Best Stooges Songs: 10 Proto-Punk Anthems Teeming With Raw Power

Taking rock’n’roll as far out as it could possibly go, the best Stooges songs captured life lived right on the edge.


The stories of legendary excess involving The Stooges have a tendency to obscure their pioneering music. Yes, Iggy Pop and co lived life on the edge, but – along with their Detroit neighbours MC5 – they cut a series of ferocious records which imagined punk over half a decade prior to the genre officially arriving on the scene. Yet despite copping a deal with Elektra Records, The Stooges were too tanked-up and pissed off to gain mainstream success during their lifetime, but their influence casts one of rock’s longest shadows, and the likes of Sex Pistols, Motörhead and Nirvana would have been unimaginable without them. In celebration of their legacy, we have a real cool time choosing the ten best Stooges songs.

Listen to the best of The Stooges here, and check out our best Stooges songs, below.

10: Penetration (from ‘Raw Power’, 1973)

By late 1971, The Stooges looked like they’d reached the end of the road. Hobbled by drugs, poverty and the loss of their deal with Elektra Records, the band had already announced their split before super-fan David Bowie stepped in to bring them to London and record their third album, Raw Power.

Peaking at No.44 in the UK on release, the record was only a minor chart success, but it’s since become one of rock’s touchstones, with its primal power significantly impacting on future UK punk frontrunners The Clash, The Damned and Sex Pistols. One of Raw Power’s key tracks, the William Burroughs-inspired Penetration was a little more controlled than its furious cohorts Search And Destroy and Your Pretty Face Is Going To Hell, but its haunting, Doors-esque air of menace still sucks in even the most casual listener.

9: I Got A Right (single A-side, 1977)

After Bowie’s intervention, Iggy Pop reformed The Stooges with James Williamson on guitar, Scott Asheton on drums and original guitarist Ron Asheton moving to bass.
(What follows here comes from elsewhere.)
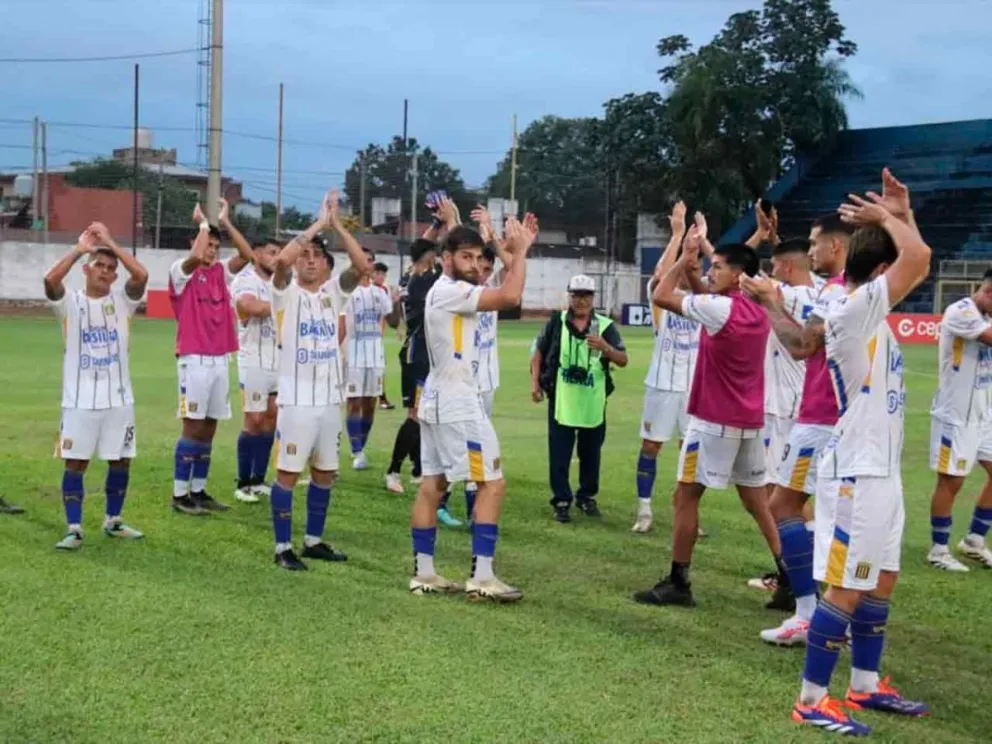 Tras empatar con Sarmiento de La Banda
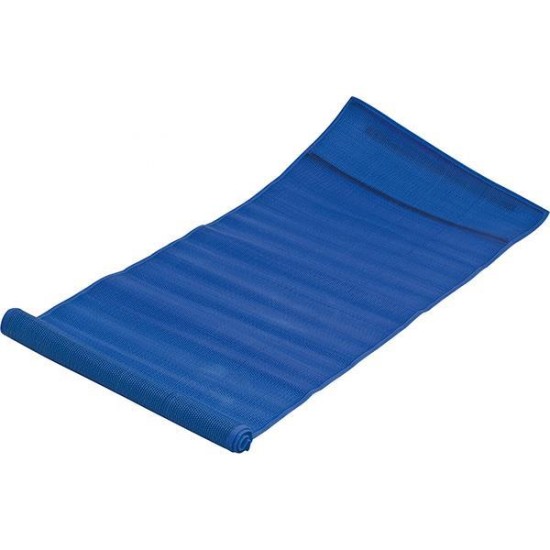 Ψάθα μπλε με ιμάντα μεταφοράς 180x60x5εκ. Ψάθα μπλε με ιμάντα μεταφοράς 180x60x5εκ.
However, when they began work on what eventually became Raw Power, the band’s initial efforts shocked their management and were summarily rejected, only to surface on multiple vinyl bootlegs over the next couple of decades. One of the more famous 7” couplings featured one of the very best Stooges songs – the incendiary I Got A Right – backed with the equally wild Gimme Some Skin, and these two tracks finally received an official single release through US indie imprint Siamese in 1977.

8: 1969 (from ‘The Stooges’, 1969)

Elektra Records signed The Stooges on the insistence of their Detroit contemporaries MC5, and quickly sent the group into New York City’s Hit Factory, where they recorded their self-titled debut album in a feverish, week-long session with producer and former Velvet Underground mainstay John Cale. The record duly opened with 1969, in which the band served up a mean Bo Diddley-esque tattoo and vamped around Ron Asheton’s menacing, two-chord riff while Iggy Pop drawled his way through a snotty paean to boredom, nihilism and disaffection, effectively drawing up the template for punk without even trying.

7: Down On The Street (from ‘Fun House’, 1970)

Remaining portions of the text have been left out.